The set [1,2,3,…,n] contains a total of n! unique permutations.

By listing and labeling all of the permutations in order,
We get the following sequence (ie, for n = 3):

1. "123"
2. "132"
3. "213"
4. "231"
5. "312"
6. "321"

Given n and k, return the kth permutation sequence.

Note: Given n will be between 1 and 9 inclusive.

In order to handle this problem, we use some mathematical method and recursively compute the digit on each position.

We have a list of integer from 1...N where we could choice from. Since the permutation would use up all the integers in this list. When list has only 1 elements left, then this means we have pick out n-1. And what we need to do is just pick out this element, then we are done.

What if there are multiple numbers in the list? We need to determine which to choose by the number k.  If we have m elements in the list, then we now that there are m! permutation, and if we pick one, then there are (m-1)! permutation, meaning each leading elements would appear (m-1)! times. That is we choose list[k/(m-1)!] as this step choice, and we recursive on the m-1 with k = k%(m-1) (since we have determine the first element, there are already k/(m-1)!*(m-1)! elements less than us). However, pay great attention to k%(m-1) == 0, this means we actually get the last permutation in the bunch leading with k/(m-1)! - 1, this is a corner case and should be handle separately, since it is the last one, after picking the leading digit, we could just appending all the digits still in list now reversely.
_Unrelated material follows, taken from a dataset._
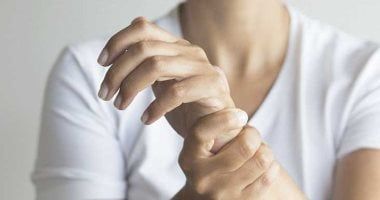 دراسة تربط الألم المزمن وانخفاض الفيتامينات والمعادن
Let's go over some simple examples.

Suppose n = 4 and k = 4.

1. step size (m-1)! = 6. In the first step, we choose 4 / 6 = 0th element in the list which is 1. And recursive with n = 3 and k = 4 % 6 = 4, the list now is 2 3 4;
2. step size (m-1)! = 2. In the second step, we choose 4 / 2 = 2nd element, however notice that 4 % 2 = 0. So we actually want the last permutation leading with the 1st element in list which is 3. That is 3 4 2, we append it to the result and return.
3. Finally, we get 1 3 4 2.

Here is another example.

Suppose n = 4 and k = 3.

1.  step size (m-1)! = 6. In the first step, we choose 4 / 6 = 0th element in the list which is 1. And recursive with n = 3 and k = 4 % 6 = 4, the list now is 2 3 4;
2. step size (m-1)! = 2. In the second step, we choose 3 / 2 = 1st element which is 3. And recursive with n = 2 and k = 3 % 2 = 1, the list now is 2 4;
3. step size (m-1)! = 1. In the third step, we choose 1 / 1 = 1st element. However 1 % 1 = 0, so we choose 0th element which is 2 and appending the remaining ones reversely. 
4. Finally we get 1 3 2 4.

public class Solution {
    List<Integer> list = new ArrayList<Integer>();
    public String getPermutation(int n, int k) {
        for(int i = 1; i <= n; i++) {
            list.add(i);
        }
        return dfs("", n, k);
    }
    
    private String dfs(String cur, int n, int k) {
        if(n == 1) {
            return cur + list.get(0); // base case, the last element
        }
        else {
            int num = 1;
            for(int i = 1; i < n; i++)
                num *= i; // step size for this step
            int index = k / num;
            int residual = k % num;
            if(residual != 0) {
                cur = cur + list.get(index);
                list.remove(index);
                return dfs(cur, n-1, residual);
            }
            else {
                cur = cur + list.get(index-1);
                list.remove(index-1);
                for(int i = list.size() - 1; i >= 0; i--) {
                    cur = cur + list.get(i);
                }
                return cur;
            }
        }
    }
}